Content starts

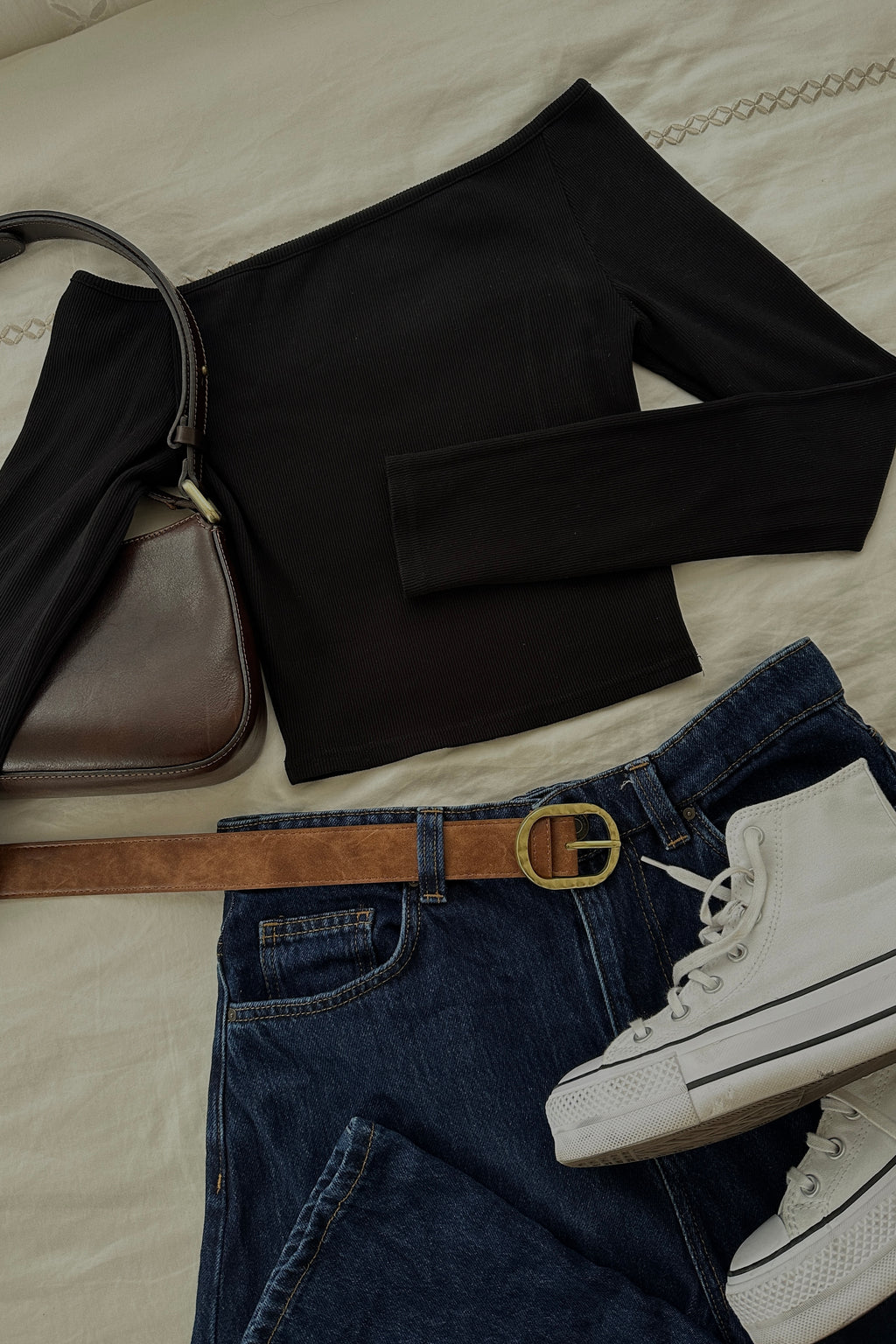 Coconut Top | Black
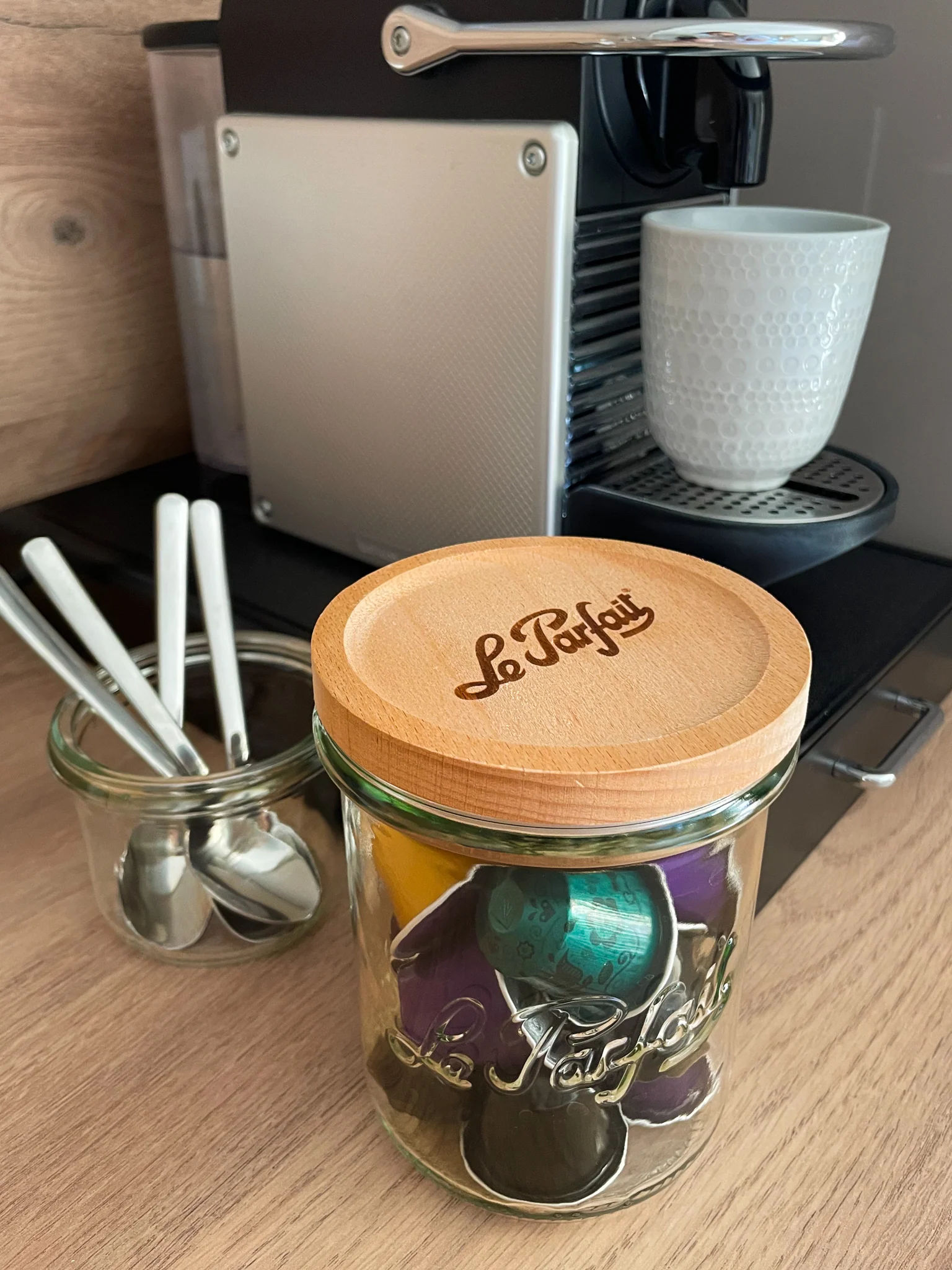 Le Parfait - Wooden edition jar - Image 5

Content ends
Content starts

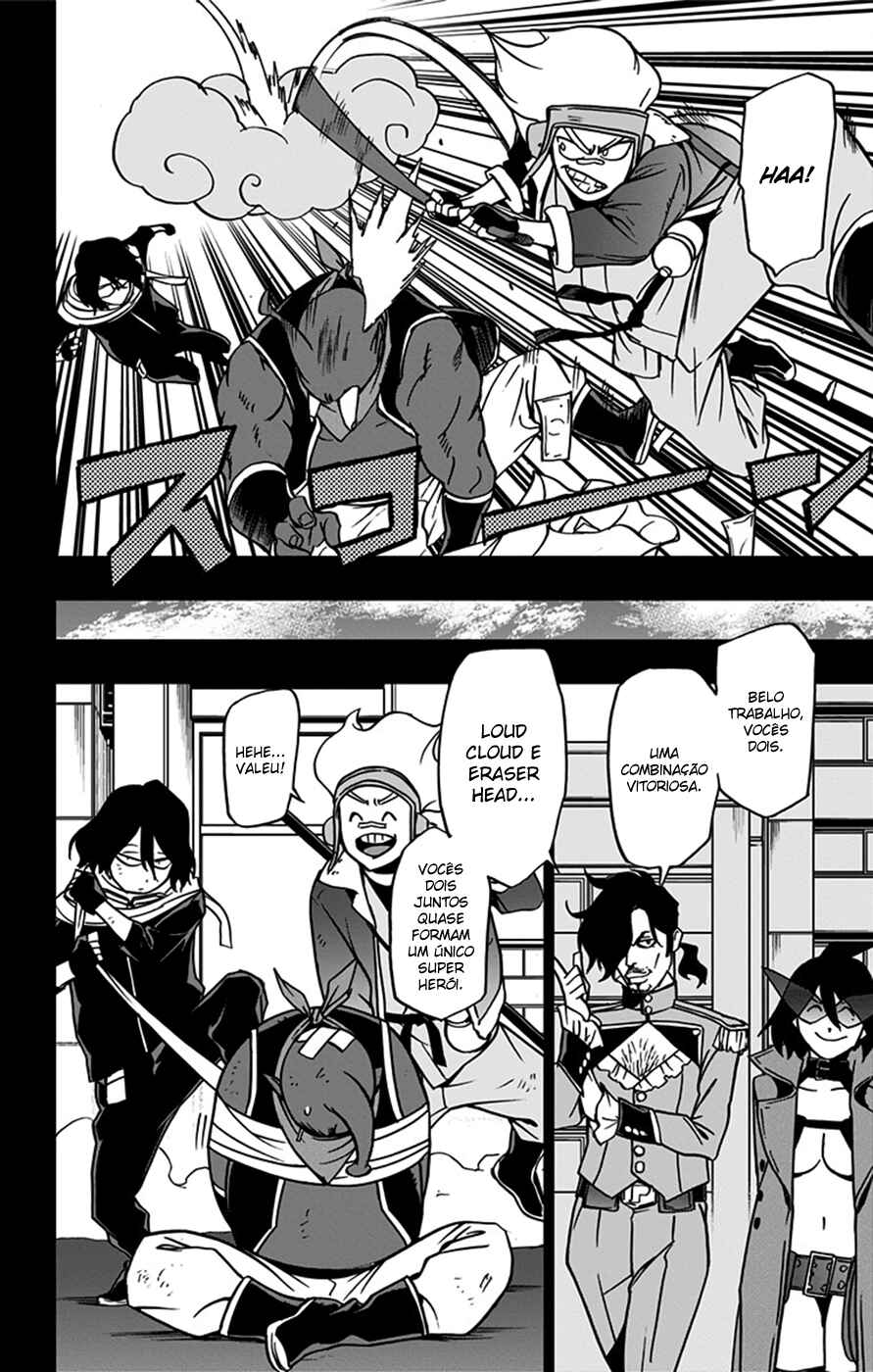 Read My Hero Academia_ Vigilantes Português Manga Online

Content ends

Exercise directions. Your answer must be the exact lines from the records above, from the one containing "Coconut Top | Black" through the one containing "Le Parfait - Wooden edition jar - Image 5", both included, with every picture left out.

Reply.
 Coconut Top | Black
 Le Parfait - Wooden edition jar - Image 5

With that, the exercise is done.